The Office of Undergraduate Studies has offered a 24-credit Veterans Studies certificate since fall 2022. Intended for "undergraduates in any discipline" to "better serve or relate to veterans in our communities, workplaces, and care facilities." The certificate covers four themes: Government and national security, History of war and violent conflict, Social/ethical aspects of war, and Social and health topics relevant to veterans.

== Publications ==

=== Journal of Veterans Studies ===
The Journal of Veterans Studies (ISSN 2470-4768) is a diamond open access, international, interdisciplinary academic journal (ISSN 2470-4768). It was founded in November 2015 by Mariana Grohowski, PhD, and published its first issue in July 2016. The mission of the refereed journal is to support the scholarly investigation of military veterans' and their families’ experiences, specifically after the completion of their military service. The journal is supported by the Veterans Studies Association and Virginia Tech Publishing .

The journal maintains a diamond open access policy, believing that making research openly available promotes a mutual exchange of information. Not only is it free to read articles, it is free to publish/submit to the journal. Authors retain copyright and can grant third parties the right to use, replicate, and distribute the article based on the Creative Commons license agreement.

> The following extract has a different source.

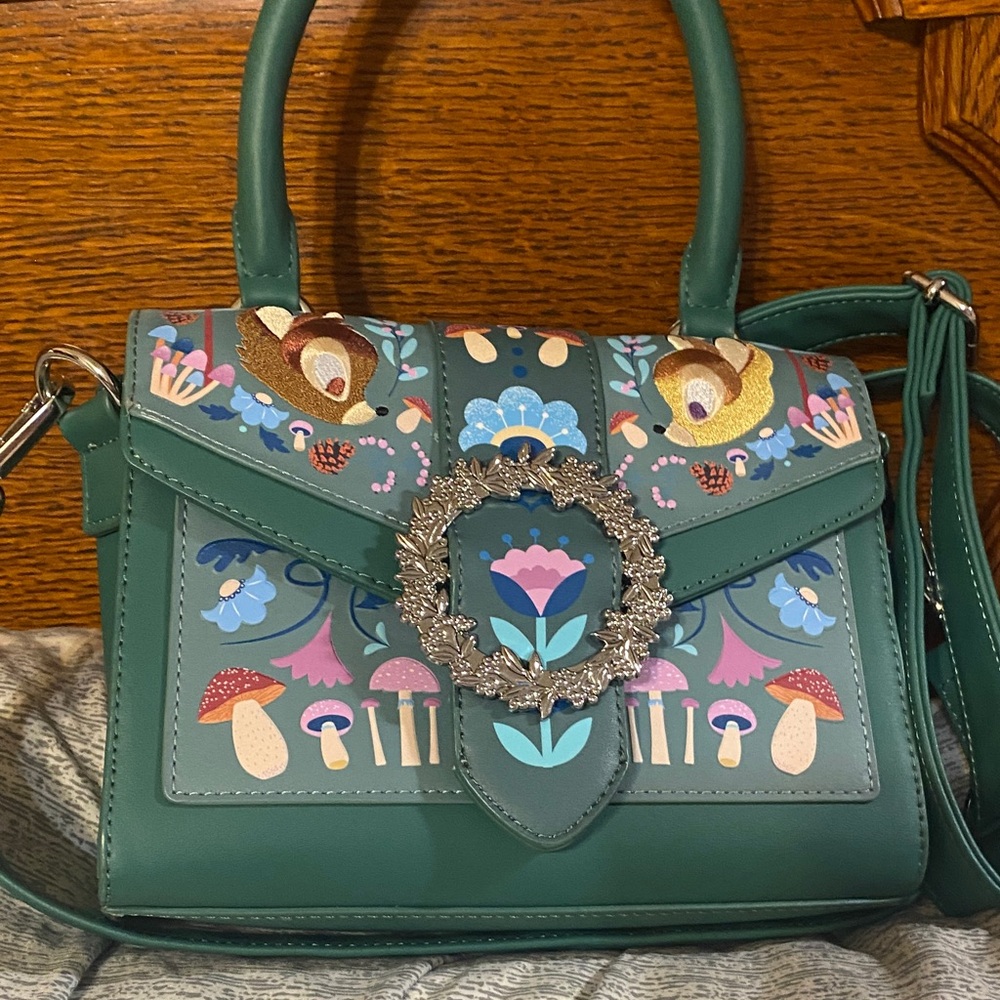 Disney Loungefly Bambi Floral Green Handbag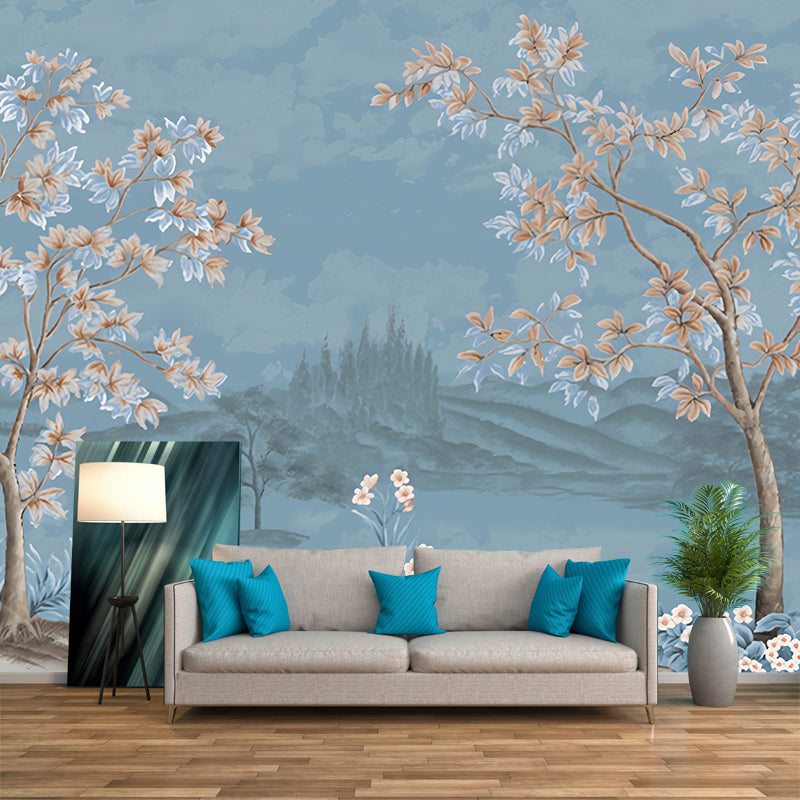 Chinese Lake Scenic Wall Murals Pastel Color Moisture Resistant Wall Covering for Accent Wall Clearhalo 'Wall Decor' 'Wall Mural' 1172941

=== Journal of Military, Veteran, and Family Health ===
The Journal of Military, Veteran and Family Health (ISSN 2368-7924), founded in 2015, is a peer-reviewed, open access, scholarly journal published by the University of Toronto Press. Focusing on issues related to the "health and social well-being of military personnel, veterans, and their families," it is the official journal of the Canadian Institute for Military and Veteran Health Research (CIMVHR).

== Associations ==

=== Veterans Studies Association ===
The Veterans Studies Association supports the study of veterans in all aspects of their lives. VSA believes that the category of veteran should be evaluated based, not only on their status of veteran, but also their life experiences. The VSA does not only focus on American veterans but also veterans of other countries. Established in 2019 as a nonprofit, VSA is a membership-based association that supports the Journal of Veterans Studies and hosts the Veterans in Society Conference. The Veterans Studies Association has four committees. The first is the publications and scholarship committee, chaired by Christopher Rodriguez, the second is the social media & external engagement committee, chaired by Latosha Henderson, the third is the administration committee, chaired by Eric Fretz and Bryon Garner, and the last is the conference oversight committee, chaired by Corrine Hinton and Karla Seijas. The association is led by Interim President Bryon Garner, Secretary & Immediate Past President Jim Craig, Treasurer Micah Wright, and At-Large Members Carrie Carter, Eric Fretz, Latosha Henderson, and Karla Seijas. There are nine Advisory Board Members: Anita Casavantes Bradford, Eric Hodge, Mariana Grohowksi, Matt Porter, Bruce Pencek, Christopher Rodriguez, Steve Wahle, Wanda Wright, and Sharon Young.

=== Initiatives and Interest Groups ===

==== Veterans in Society Initiative ====
The Veterans in Society Initiative of Virginia Tech (ViS; also known as the Veterans Studies Group) began in 2013 by Bruce Pencek, PhD, and James Dubinsky, PhD. ViS is responsible for founding the Veterans in Society Conference, which is the field's flagship conference.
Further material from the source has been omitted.